Google apologizes for “missing the mark” after Gemini generated racially diverse Nazis - eviltoast

It acknowledged ‘inaccuracies’ in historical prompts.

  • Ferk@kbin.social
    link
    fedilink
    arrow-up
    1
    ·
    edit-2
    10 months ago

    While the result from generating an image through AI is not meant to be “factually” accurate, its seeking to be as accurate as possible when it comes to matching the prompt that is provided. And the prompt “1943 German Soldier” or “US Senator from the 1800” or “Emperor of China” has some implications in what kind of images would be expected and which kinds wouldn’t. Just like how you wouldn’t expect a lightsaber when asking for “medieval swords”.

    I’m not convinced that attempting to “balance a biased training dataset” in the way that this is apparently being done is really attainable or worthwhile.

    An AI can only work based on biases, and it’s impossible to correct/balance the dataset without just introducing a different bias. Because the model is just a collection of biases that discriminate between how different descriptions relate to pictures. If there was no bias for the AI to rely on, they would not be able to pick anything to show.

    For example, the AI does not know whether the word “Soldier” really corresponds to someone dressed like in the picture, it’s just biased to expect that. It can’t tell whether an actual soldier might just be wearing pajamas or whether someone dressed in those uniforms might not be an actual soldier.

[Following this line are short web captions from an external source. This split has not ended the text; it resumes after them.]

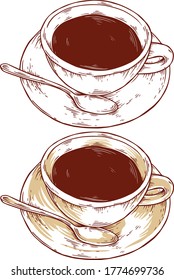 Vector de taza de café vintage. Dibujo en el dibujo a mano y color de estilo vintage. Vector de estilo de grabado vintage para cafetería. aislar en fondo blanco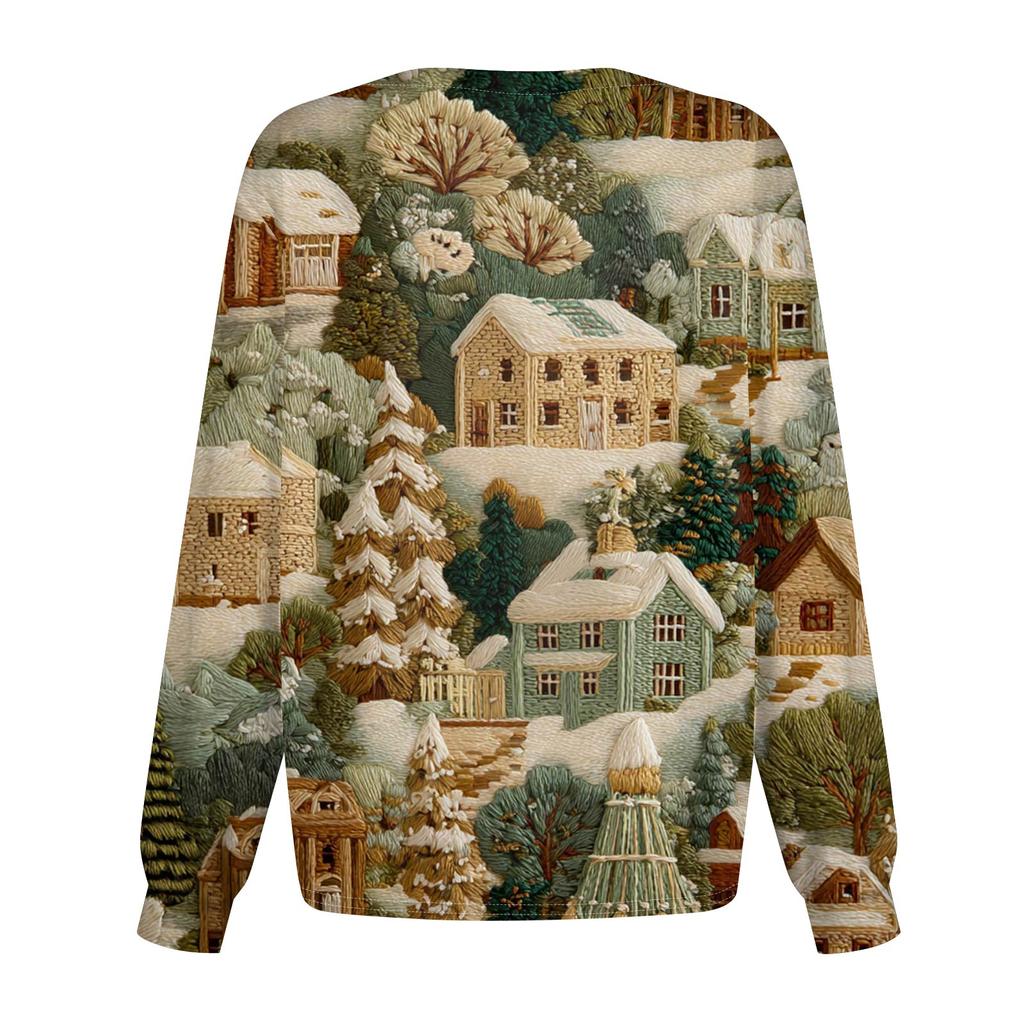 Women's Casual Long-Sleeved Single-Breasted Christmas-Themed Print  Cardigan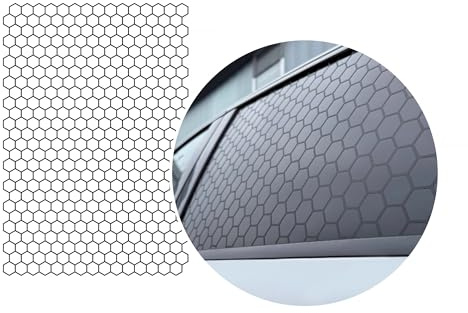 Foliatec Scheiben Sticker Honeycomb – Set mit 3 stück 75x50cm – Hochglanz Schwarz | Hochglanz Schwarz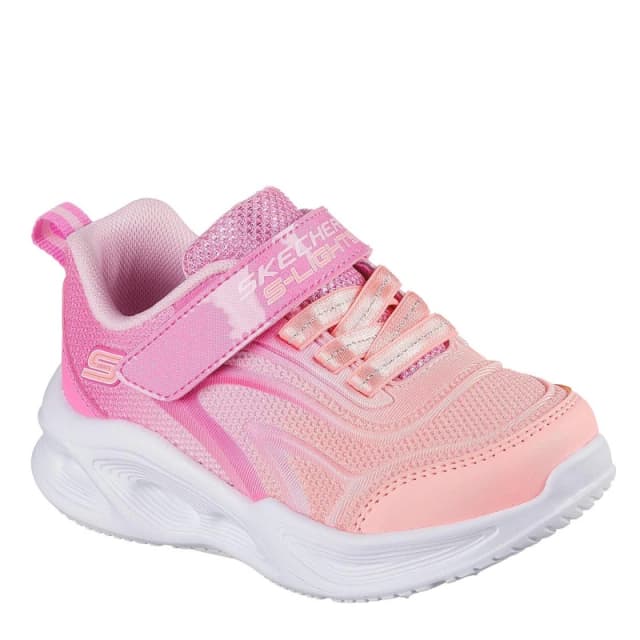 Skechers Lighted Gore & Strap Sneaker W Ombr Light Up Trainers Girls Leather Light Up Trainers C5 (22) Pink 02034306050
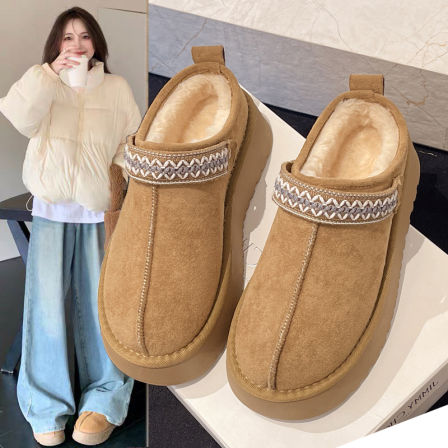 厚底一脚蹬半拖鞋女冬外穿2025新款加绒加厚保暖棉拖鞋低帮雪地靴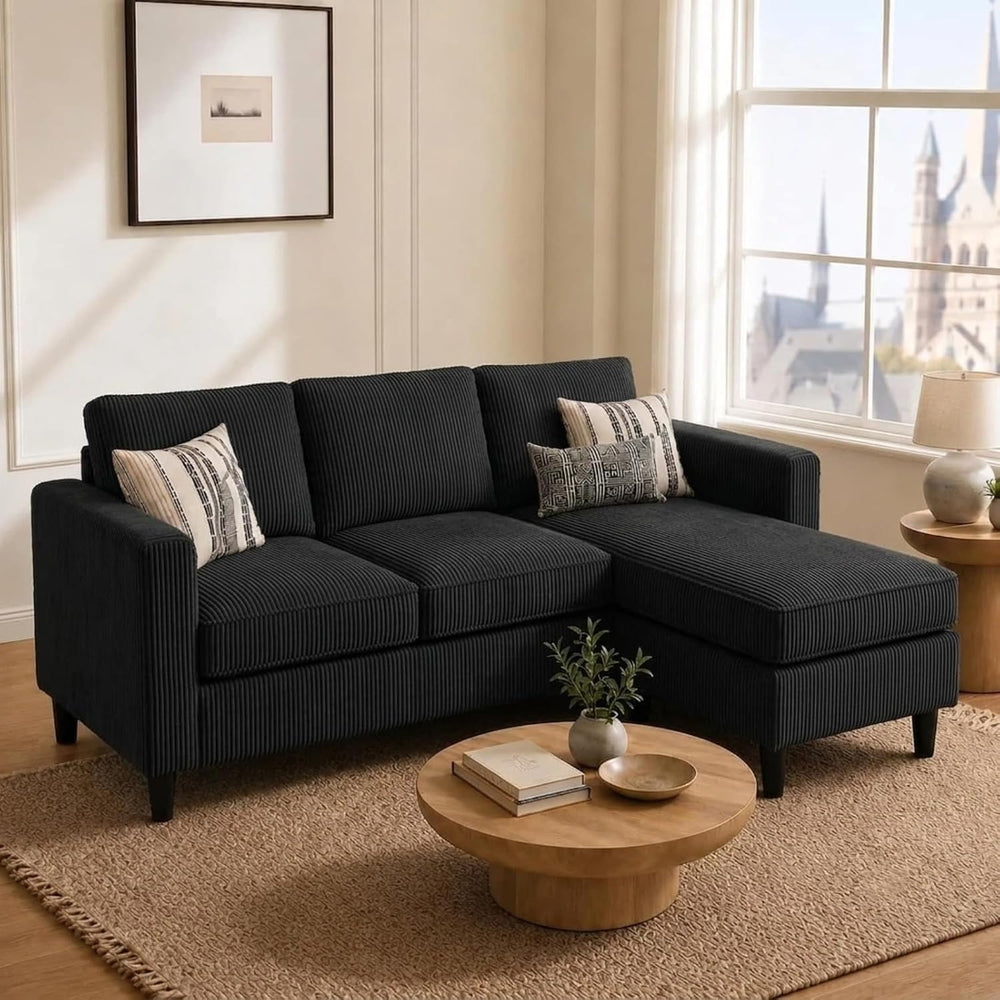 Nuturelly 73.6" L-Shaped Small Sectional Sofa with Ottoman, Black | Tool...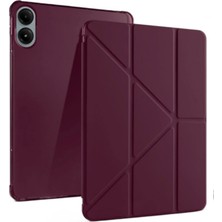 Fuchsia Redmi Pad Pro 12.1 Xiaomi Uyumlu Tablet Kılıf Kalem Bölmeli Uyku Modlu Standlı Trifolding Kılıf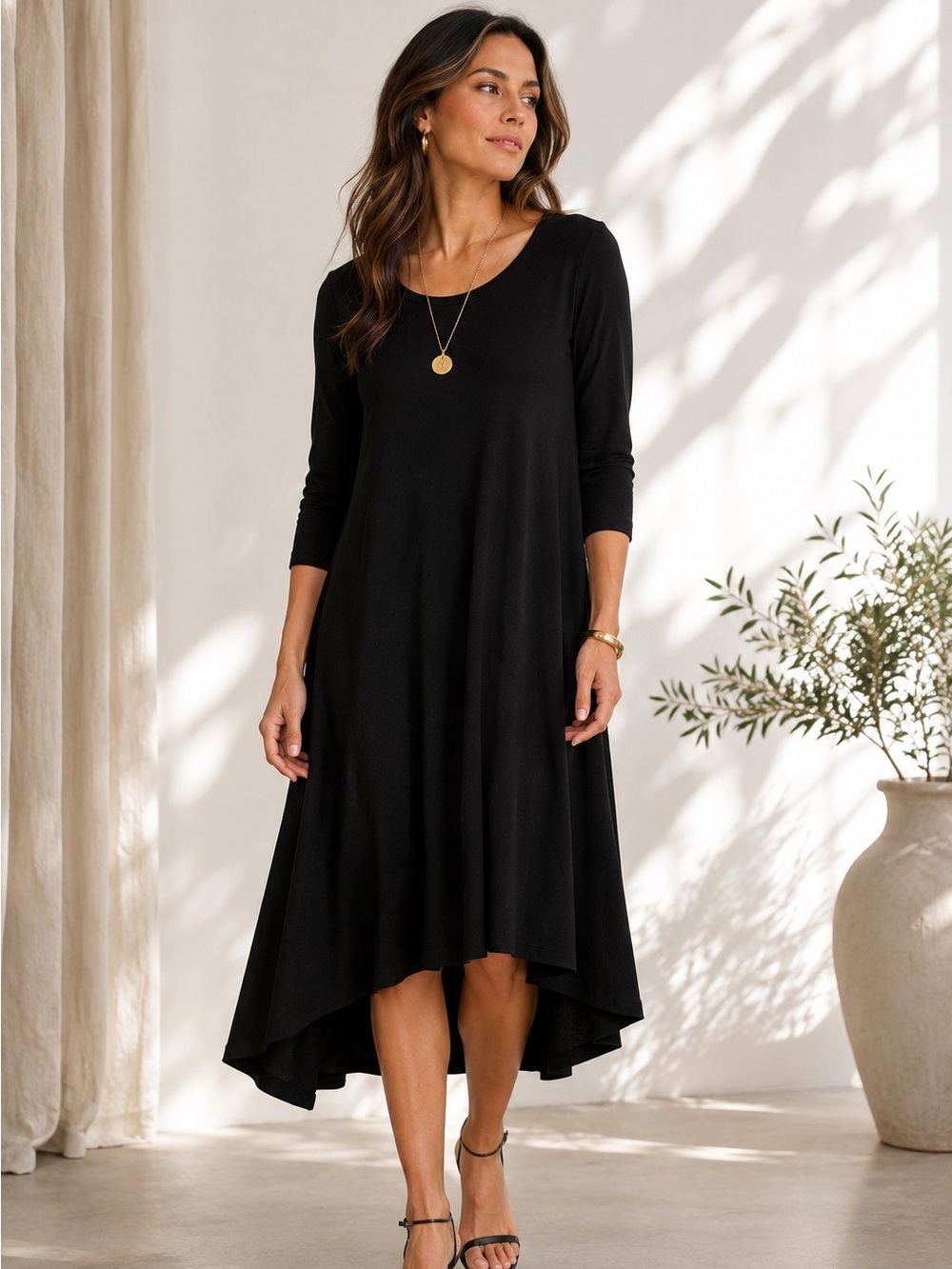 Brochu Walker Black Asymmetric Midi Dress Sz L Relaxed Minimalist Quiet Luxury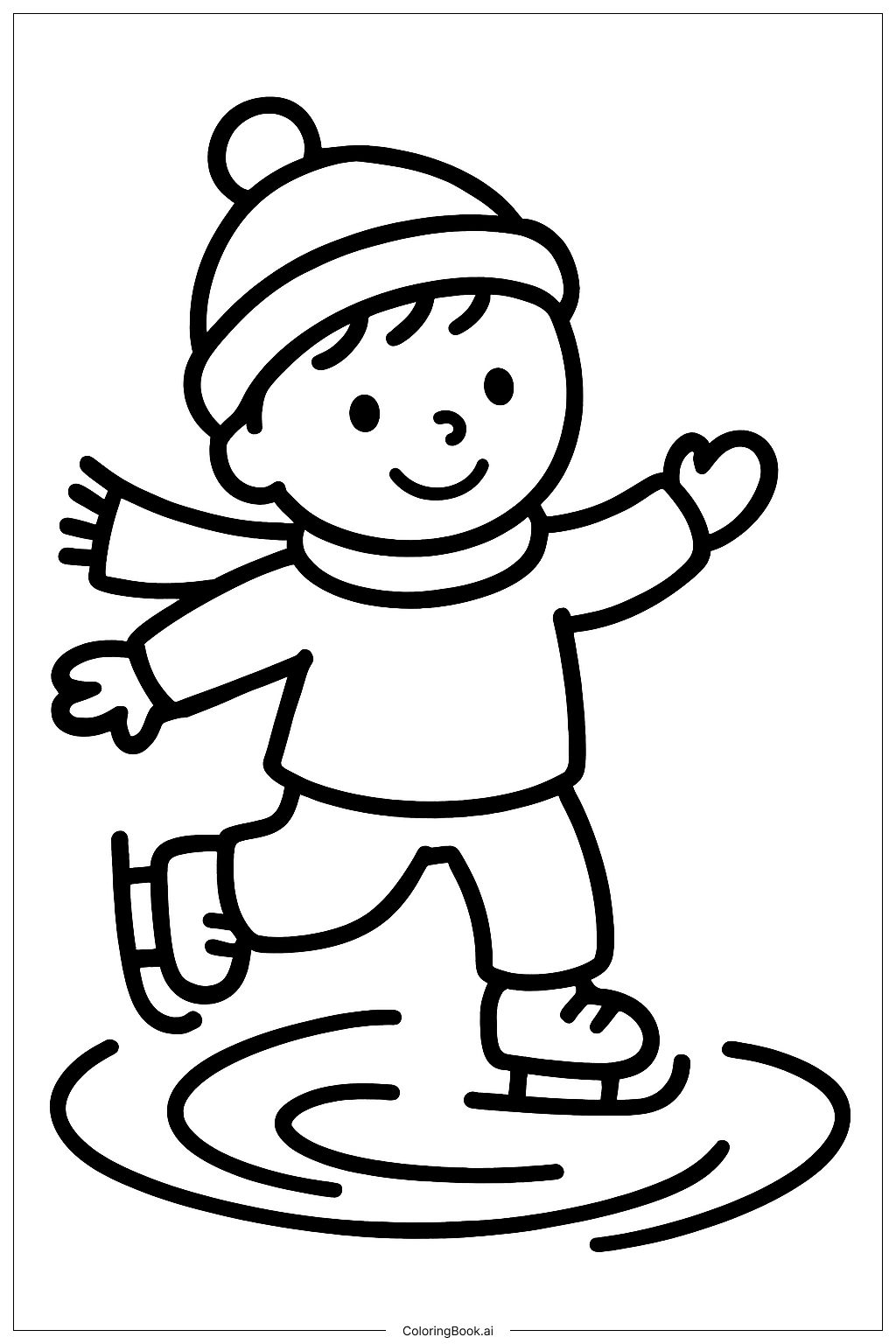  Página para colorir de Sorriso de Patinação no Gelo Esportiva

    Describing a picture is, on itself, an exercise of assumptions, biases, appearances that are just based on pre-conceived notions of what are our expectations when comparing the picture to our own reality. So the AI needs to show whatever corresponds to those biases in order to match as accuratelly as possible our biased expectations for what those descriptions mean.

    If the dataset is complete enough, and yet it’s biased to show predominantly a particular gender or ethnicity when asking for “1943 German Soldier” because that happens to be the most common image of what a “1943 German Soldier” is, but you want a different ethnicity or gender, then add that ethnicity/gender to the prompt (like you said in the first point), instead supporting the idea of having the developers force diversity into the results in a direction that contradicts the dataset just because the results aren’t politically correct. …it would be more honest to add a disclaimer and still show the result as it is, instead of manipulating it in a direction that activelly pushes the IA to hallucinate.

    Alternativelly: expand your dataset with more valuable data in a direction that does not contradict reality (eg. introduce more pictures of soldiers of different ethnics from situations that actually are found in our reality). You’ll be altering the data, but you would be doing it without distorting the bias unrealistically, since they would be examples grounded in reality.